▶ _Available data_
-- Opening Marker --

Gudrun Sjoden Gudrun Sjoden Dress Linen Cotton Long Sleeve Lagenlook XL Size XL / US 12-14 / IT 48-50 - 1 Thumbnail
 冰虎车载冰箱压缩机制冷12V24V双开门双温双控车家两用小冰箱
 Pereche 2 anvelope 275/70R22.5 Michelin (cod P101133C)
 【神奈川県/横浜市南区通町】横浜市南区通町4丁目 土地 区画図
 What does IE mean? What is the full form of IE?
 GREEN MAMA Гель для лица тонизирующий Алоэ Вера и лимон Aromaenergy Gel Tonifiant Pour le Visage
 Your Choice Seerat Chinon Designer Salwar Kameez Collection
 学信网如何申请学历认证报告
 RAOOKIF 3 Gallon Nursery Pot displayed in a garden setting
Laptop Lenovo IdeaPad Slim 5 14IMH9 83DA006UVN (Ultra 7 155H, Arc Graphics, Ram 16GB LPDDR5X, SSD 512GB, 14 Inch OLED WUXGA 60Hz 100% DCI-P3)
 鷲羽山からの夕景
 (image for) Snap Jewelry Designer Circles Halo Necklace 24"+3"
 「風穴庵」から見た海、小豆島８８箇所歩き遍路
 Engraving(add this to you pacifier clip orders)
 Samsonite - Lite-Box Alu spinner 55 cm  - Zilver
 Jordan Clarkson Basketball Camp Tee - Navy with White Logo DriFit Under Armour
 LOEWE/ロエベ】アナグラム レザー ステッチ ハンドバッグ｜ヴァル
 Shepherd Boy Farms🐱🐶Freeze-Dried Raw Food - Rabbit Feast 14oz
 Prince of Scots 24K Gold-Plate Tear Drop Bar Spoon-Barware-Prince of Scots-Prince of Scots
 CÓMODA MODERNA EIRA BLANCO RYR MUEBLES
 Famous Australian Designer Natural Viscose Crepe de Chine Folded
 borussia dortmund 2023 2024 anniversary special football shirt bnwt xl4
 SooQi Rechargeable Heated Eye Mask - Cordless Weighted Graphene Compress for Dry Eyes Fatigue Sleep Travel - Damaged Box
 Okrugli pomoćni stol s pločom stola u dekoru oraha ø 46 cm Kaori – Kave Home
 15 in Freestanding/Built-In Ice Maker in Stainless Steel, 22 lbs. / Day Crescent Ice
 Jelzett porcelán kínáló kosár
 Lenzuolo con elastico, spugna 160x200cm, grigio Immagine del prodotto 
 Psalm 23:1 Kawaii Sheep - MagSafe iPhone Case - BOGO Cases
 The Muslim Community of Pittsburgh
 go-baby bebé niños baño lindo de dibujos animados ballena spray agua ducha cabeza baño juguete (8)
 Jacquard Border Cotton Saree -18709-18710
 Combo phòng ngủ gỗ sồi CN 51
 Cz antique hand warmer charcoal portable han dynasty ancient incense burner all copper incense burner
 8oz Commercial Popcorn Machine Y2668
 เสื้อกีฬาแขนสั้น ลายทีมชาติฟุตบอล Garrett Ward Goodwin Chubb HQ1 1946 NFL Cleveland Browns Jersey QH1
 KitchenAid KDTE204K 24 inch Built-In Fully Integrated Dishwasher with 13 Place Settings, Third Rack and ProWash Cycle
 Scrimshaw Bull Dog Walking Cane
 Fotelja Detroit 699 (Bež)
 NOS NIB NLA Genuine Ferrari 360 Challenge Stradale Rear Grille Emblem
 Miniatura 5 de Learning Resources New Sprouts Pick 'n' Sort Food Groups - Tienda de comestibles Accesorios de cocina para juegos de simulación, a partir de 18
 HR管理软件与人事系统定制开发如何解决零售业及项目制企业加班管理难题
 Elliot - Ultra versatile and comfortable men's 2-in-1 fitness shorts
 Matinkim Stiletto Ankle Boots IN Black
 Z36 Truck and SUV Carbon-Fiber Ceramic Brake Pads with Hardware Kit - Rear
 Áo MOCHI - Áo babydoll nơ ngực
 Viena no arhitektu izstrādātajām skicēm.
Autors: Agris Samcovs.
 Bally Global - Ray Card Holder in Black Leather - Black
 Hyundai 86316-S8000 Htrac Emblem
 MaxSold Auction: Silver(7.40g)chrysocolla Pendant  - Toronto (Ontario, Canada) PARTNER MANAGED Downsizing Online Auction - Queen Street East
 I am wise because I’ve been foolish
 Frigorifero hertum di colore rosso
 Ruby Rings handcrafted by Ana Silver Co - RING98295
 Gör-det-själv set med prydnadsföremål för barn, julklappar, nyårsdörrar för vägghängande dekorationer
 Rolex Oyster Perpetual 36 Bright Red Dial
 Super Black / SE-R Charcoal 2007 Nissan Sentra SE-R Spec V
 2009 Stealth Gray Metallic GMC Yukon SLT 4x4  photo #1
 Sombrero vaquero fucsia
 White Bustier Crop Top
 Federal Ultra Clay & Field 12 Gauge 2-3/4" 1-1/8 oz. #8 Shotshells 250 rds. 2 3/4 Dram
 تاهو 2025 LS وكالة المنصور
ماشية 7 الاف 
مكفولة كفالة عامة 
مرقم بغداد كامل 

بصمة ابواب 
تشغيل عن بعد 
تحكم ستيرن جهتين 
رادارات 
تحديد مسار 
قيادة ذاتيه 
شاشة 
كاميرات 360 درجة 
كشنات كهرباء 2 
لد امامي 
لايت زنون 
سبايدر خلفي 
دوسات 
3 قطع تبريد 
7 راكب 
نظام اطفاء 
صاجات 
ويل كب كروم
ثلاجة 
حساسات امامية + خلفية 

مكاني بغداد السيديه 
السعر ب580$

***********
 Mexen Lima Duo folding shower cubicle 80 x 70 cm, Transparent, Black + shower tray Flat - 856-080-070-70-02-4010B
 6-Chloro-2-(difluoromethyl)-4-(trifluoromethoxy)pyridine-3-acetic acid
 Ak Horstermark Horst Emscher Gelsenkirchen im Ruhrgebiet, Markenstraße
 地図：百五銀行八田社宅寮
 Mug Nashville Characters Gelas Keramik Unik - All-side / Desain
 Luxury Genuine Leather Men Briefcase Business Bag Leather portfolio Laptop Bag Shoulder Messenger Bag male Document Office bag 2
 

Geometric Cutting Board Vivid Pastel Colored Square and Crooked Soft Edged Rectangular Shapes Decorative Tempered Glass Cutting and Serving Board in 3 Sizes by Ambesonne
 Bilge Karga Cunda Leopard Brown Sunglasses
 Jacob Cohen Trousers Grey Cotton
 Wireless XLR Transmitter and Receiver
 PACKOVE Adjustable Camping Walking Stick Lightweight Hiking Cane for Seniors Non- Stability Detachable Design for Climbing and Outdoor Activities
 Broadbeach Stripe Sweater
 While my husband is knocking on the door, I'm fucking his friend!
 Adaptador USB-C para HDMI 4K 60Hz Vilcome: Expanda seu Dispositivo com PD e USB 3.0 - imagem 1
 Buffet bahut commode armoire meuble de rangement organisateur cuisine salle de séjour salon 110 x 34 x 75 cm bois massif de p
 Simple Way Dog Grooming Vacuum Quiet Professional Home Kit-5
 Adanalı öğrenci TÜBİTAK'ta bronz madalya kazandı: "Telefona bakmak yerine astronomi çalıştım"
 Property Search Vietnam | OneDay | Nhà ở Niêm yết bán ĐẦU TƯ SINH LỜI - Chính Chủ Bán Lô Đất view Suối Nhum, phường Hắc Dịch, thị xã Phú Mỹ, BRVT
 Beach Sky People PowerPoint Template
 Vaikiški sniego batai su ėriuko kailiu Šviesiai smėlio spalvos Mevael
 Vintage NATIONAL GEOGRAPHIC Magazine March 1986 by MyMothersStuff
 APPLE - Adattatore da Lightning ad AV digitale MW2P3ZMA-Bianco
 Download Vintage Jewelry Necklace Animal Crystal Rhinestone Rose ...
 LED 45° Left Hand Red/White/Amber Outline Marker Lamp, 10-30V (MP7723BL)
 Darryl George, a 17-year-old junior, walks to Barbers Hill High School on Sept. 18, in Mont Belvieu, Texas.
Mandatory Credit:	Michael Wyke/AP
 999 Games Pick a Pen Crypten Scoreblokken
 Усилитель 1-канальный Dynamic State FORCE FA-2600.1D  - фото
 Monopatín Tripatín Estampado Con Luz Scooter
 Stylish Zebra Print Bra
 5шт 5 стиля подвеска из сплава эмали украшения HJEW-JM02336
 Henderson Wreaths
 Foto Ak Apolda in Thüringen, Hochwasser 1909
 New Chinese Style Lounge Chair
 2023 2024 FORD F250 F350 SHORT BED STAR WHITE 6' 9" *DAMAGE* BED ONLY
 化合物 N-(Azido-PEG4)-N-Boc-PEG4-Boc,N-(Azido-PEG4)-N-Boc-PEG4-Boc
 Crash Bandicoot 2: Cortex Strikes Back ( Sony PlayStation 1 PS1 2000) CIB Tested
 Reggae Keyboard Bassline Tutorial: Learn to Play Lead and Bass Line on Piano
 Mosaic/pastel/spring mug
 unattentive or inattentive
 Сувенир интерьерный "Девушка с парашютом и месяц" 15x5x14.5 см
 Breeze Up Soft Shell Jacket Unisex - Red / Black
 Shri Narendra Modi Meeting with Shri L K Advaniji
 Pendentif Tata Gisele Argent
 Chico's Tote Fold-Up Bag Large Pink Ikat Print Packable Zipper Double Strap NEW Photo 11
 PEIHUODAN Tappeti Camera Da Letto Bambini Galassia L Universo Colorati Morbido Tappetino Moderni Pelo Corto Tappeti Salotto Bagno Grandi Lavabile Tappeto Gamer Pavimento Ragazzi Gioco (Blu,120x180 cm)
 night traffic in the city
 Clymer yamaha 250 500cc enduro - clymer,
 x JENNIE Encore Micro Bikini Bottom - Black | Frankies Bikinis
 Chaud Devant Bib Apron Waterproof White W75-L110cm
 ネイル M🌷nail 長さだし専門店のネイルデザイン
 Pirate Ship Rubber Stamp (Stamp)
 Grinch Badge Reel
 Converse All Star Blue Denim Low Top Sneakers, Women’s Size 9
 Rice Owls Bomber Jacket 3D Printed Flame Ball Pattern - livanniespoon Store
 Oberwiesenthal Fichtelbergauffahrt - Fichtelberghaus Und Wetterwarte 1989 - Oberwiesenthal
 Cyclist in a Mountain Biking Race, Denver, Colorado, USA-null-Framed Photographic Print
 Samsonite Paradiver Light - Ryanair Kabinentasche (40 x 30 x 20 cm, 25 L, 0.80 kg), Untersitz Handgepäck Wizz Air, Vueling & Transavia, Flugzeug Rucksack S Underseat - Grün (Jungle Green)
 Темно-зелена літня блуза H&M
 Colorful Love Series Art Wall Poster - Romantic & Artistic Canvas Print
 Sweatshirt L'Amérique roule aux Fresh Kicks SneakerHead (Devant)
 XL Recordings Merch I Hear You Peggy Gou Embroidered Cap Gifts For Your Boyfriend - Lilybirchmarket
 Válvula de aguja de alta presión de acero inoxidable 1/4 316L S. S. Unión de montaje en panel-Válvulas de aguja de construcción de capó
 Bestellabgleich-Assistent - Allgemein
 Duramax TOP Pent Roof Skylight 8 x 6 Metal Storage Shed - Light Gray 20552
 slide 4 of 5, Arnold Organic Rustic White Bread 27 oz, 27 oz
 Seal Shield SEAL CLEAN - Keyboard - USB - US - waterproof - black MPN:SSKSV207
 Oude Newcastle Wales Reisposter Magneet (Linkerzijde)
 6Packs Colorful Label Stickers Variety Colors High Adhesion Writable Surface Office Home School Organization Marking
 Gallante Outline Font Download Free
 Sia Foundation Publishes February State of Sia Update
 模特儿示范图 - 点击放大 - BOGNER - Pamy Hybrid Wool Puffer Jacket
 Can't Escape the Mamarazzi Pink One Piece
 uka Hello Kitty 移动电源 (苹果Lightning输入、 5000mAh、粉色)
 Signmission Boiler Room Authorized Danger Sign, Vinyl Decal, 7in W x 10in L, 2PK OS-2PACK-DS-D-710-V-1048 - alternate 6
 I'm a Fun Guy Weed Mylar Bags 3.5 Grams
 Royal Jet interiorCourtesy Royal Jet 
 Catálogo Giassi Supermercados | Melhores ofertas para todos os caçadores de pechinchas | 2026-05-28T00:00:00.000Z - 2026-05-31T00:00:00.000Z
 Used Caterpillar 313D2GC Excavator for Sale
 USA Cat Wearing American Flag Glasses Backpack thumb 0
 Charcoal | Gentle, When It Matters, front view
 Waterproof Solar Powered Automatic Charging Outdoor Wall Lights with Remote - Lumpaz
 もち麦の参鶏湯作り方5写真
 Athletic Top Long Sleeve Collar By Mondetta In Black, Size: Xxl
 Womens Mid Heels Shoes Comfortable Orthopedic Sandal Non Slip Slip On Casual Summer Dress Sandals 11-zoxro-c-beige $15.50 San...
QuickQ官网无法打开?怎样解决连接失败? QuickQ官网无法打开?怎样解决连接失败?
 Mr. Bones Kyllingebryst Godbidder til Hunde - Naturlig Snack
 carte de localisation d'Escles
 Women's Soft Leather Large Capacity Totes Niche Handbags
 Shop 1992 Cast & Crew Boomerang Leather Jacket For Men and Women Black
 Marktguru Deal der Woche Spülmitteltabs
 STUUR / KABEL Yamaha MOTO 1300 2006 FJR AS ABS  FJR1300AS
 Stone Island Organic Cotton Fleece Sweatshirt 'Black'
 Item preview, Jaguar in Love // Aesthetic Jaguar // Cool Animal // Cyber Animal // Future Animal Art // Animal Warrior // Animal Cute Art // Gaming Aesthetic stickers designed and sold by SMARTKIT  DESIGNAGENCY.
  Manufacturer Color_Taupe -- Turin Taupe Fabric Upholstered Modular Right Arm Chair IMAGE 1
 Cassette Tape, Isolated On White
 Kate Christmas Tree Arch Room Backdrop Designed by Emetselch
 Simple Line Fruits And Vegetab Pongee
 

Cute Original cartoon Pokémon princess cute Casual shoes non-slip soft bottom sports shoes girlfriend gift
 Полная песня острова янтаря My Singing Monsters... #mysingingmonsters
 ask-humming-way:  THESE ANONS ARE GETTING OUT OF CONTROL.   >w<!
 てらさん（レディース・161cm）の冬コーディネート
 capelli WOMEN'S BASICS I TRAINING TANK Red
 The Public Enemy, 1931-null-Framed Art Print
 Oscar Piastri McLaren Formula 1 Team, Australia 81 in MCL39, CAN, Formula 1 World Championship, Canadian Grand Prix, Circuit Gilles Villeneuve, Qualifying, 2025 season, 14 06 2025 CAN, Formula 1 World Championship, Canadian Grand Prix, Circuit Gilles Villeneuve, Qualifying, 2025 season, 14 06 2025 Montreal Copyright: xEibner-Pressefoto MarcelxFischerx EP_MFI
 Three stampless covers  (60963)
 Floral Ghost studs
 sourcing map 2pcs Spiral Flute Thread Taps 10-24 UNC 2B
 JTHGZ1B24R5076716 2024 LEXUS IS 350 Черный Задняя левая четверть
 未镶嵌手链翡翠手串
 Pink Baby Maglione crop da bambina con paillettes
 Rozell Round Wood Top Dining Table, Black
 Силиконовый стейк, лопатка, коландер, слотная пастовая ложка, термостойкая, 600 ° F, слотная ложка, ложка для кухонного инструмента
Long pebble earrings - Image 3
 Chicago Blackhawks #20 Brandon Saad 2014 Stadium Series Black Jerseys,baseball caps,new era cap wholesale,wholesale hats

-- Closing Marker --

▶ _What is expected_
Check every line of the data and give the number of them that hold the string "State", with no other words.

▶ _Result_
2